Sunday, 23 November 1997

Pope Joan by Women's Circus, Nov 23, 1997

Pope Joan
By Women's Circus
At Russell St. Police Garage until Dec 6, 1997
Reviewed by Kate Herbert around Nov 22, 1997

If you were a convent gal you will understand how uproariously funny it is seeing 20 nuns teetering on another nun's bottom or upside down, skirt around her ears.

Such is the display of antics in the Women's Circus new production, Pope Joan. The remarkable new Artistic Director, Sarah Cathcart, has developed, through research, a physically based show which explores women and the Catholic religion: women as nuns, convent schoolgirls, witches and - yes - as Pope.

Joan, a member of the Irish Brigidine order of nuns, was incarcerated for questioning the Bishop's edict that women must not celebrate the Eucharist or dance in the church because they are not made in the image of Christ: i.e. 'a bearded Jewish fisherman'.

Joan escaped to Athens then Rome with her lover, a monk. She became a scholar and, in her male guise, the favoured successor to Pope Leo in 853 AD. Unfortunately, the quirky tale goes, she gave birth outside the Colosseum and was stoned to death by angry mob of female-pope-haters.

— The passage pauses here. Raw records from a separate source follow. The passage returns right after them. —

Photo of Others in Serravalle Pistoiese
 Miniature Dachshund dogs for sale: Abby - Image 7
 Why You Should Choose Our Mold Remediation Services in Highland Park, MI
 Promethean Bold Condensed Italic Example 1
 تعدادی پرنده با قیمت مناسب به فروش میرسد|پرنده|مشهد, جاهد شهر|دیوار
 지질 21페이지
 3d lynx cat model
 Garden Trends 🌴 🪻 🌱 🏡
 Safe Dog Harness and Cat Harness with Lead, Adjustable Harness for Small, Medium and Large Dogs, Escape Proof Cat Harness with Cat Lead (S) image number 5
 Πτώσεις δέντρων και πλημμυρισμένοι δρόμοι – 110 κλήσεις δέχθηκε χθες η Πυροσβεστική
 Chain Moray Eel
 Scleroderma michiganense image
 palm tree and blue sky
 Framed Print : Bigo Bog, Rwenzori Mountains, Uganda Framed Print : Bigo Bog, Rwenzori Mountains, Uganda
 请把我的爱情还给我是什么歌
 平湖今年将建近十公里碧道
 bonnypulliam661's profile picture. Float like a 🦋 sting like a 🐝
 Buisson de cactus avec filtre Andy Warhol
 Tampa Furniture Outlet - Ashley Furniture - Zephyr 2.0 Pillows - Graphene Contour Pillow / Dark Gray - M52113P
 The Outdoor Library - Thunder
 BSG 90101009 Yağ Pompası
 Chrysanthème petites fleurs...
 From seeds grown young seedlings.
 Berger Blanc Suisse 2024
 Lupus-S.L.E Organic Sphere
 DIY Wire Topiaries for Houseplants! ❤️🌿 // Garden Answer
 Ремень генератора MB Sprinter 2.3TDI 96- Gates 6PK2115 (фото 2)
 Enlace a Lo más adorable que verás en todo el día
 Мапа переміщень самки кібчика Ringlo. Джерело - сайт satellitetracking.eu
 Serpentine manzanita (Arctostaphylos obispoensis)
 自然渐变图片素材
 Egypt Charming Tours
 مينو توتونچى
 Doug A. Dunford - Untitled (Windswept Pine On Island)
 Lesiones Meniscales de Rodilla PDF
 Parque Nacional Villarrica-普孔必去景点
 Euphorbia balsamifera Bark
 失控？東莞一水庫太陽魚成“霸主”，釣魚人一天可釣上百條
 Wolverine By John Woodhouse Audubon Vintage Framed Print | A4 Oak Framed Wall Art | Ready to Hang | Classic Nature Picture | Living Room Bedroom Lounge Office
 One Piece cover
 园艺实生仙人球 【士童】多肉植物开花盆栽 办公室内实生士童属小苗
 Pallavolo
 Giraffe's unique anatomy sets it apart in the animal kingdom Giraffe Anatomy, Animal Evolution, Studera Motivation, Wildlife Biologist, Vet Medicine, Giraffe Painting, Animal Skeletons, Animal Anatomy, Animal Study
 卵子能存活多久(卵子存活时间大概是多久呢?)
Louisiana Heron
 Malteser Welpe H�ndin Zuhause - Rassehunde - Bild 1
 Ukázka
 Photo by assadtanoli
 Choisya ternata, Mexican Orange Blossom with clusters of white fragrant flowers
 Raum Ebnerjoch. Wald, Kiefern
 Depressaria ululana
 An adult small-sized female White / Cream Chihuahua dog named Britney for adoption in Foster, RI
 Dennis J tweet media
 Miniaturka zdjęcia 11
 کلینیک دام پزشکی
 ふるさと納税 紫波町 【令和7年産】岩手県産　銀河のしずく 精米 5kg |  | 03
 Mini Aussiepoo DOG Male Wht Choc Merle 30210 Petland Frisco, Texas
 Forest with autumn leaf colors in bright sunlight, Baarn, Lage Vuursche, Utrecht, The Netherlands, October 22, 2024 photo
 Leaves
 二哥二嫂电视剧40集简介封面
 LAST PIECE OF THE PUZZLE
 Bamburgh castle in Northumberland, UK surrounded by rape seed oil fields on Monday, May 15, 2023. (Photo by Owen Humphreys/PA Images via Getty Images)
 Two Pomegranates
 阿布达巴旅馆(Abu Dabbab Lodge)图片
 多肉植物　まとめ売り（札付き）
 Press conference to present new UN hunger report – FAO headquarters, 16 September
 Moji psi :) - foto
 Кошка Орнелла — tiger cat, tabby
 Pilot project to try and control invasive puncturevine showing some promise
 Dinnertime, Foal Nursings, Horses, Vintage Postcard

Cathcart has adapted her own extraordinary performance style to create a deliciously witty and cunningly simple structure which highlights the range of skills of this enormous cast of amateur acrobats of all shapes, sizes and ages. There is a cohesion in this production which has been absent from previous Women's Circus shows. Joan's story is cleverly interwoven with anecdotes from a novitiate nun from the 1950's and from schoolgirls in a Wagga Wagga convent.

The delightful visuals and physical skills create a parallel narrative to the spoken personal stories. Groups of women provide symbolic action and imagery. One of the most powerful scenes depicted the burning of witches as tortured action on trapeze finishing with women dangling by their feet from ropes.

In addition to fifty actors, there is a live band and chorus which provide latin chants and evocative music under the direction of Kim Baston. The simple yet dramatic lighting, designed by Efterpi Soropos, takes advantage of the cavernous space of the Russell Street Garage.

Amanda Owen, Anni Davey (Circus Oz, Club Swing) amongst others women have trained the women. Some have been with the circus for its six years and others are novices but all are integrated into this wonderful community project which is based at the Footscray Community Arts Centre.